Commentary: Taking the 'Red Scare' off the law books


Last week's hearing on Washington state House Bill 2251 didn't take long, a few minutes to explain that it was a simple bill to repeal a law ruled unconstitutional nearly four decades ago.

"I think it devalues our criminal code to have laws on the books that aren’t enforced and are unconstitutional," state Rep. Joe Fitzgibbon, D-Burien, told the House Judiciary Committee before it quickly moved on to the other bills.

But you don’t have to read past the bill's title to know this isn't just any other law.

"An act relating to subversive activities."

Such a title summons up other phrases from mid-20th century history. Red Scare. Cold War. Loyalty oaths. Un-American activities committees. Communism. And in Washington state, you have to throw in a name as well – Albert Canwell.

“What are you here for?” I asked longtime (Spokane) Spokesman-Review reporter Jim Camden at the hearing. After pointing to HB 2251, Camden said he thinks he was the last reporter to interview Canwell before he died in 2002. When Camden visited the then-91-year-old Canwell at his home on the Little Spokane River, Camden found an unrepentant Red hunter who still maintained files on people and organizations he thought disloyal.

“I didn’t accuse anybody who wasn’t guilty as hell,” Canwell told him.

That is debatable. What isn’t is Canwell’s place in American history.

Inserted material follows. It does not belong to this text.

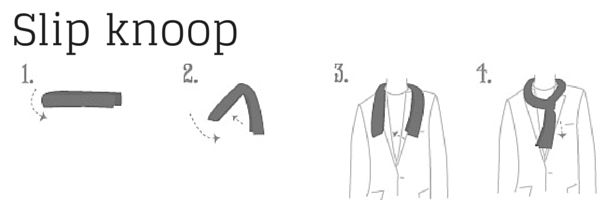 Slip knoop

As a freshman lawmaker elected during the Republican postwar sweep of 1946, Canwell persuaded the Legislature to create a “Joint Fact-Finding Committee on Un-American Activities in Washington State” and make him chairman.

It was hearings on suspected communists at the University of Washington in 1947 – the so-called Canwell Committee hearings – that made him a national figure. Three professors were eventually fired. Another, Melvin Rader, fought back. A Pulitzer Prize-winning investigation by then-Seattle Times reporter Ed Guthman discovered that evidence supporting the professor’s alibi was known by the committee but kept secret.

The hearings themselves trampled civil liberties – no right to see evidence, no right to face accusers, limited right to counsel, lives ruined without charges or proof. Canwell’s final report was so riddled with unsubstantiated accusations that the Legislature ordered it sealed in a safe. According to Don Brazier’s history of the Legislature, the safe could be opened only by the use of two keys simultaneously – one held by the House speaker and the other by the Senate president pro tem.

Technically, Canwell had nothing to do with the law Fitzgibbon seeks to repeal because he was gone by then and Democrats had regained control of the Legislature. In reality, though, Canwell had everything to do with it. Requiring all state employees to take loyalty oaths and confess any past association with “subversive organizations” was the natural result of the Canwell Committee.

His tactics predated the more notorious career of U.S. Sen. Joe McCarthy. Canwell claimed to have mentored the Wisconsin senator whose use of guilt by association and innuendo gave birth to “McCarthyism.”

Before the 1951 act could have much effect, it was challenged by a group of UW professors, including Rader. In 1964, the U.S. Supreme Court invalidated the law as unconstitutionally vague.

“Measures which purport to define disloyalty must allow public servants to know what is and is not disloyal,” wrote Justice Byron White for a 7-2 majority in Baggett v. Bullitt. “The challenged oath is not open to one or a few interpretations, but to an indefinite number.”

Still, the statute has remained in the criminal code ever since, ironically right after “Privacy, Violating Right Of.” It is an artifact of a time when fear led too many Americans to sacrifice individual freedoms for collective security. It shouldn’t be removed as a form of housekeeping, but to cleanse an embarrassment, to remember how both parties can run over the Bill of Rights.

“There are lots of laws still on the books that aren’t enforced, but this one has a special history because it is so clearly unconstitutional,” Fitzgibbon said.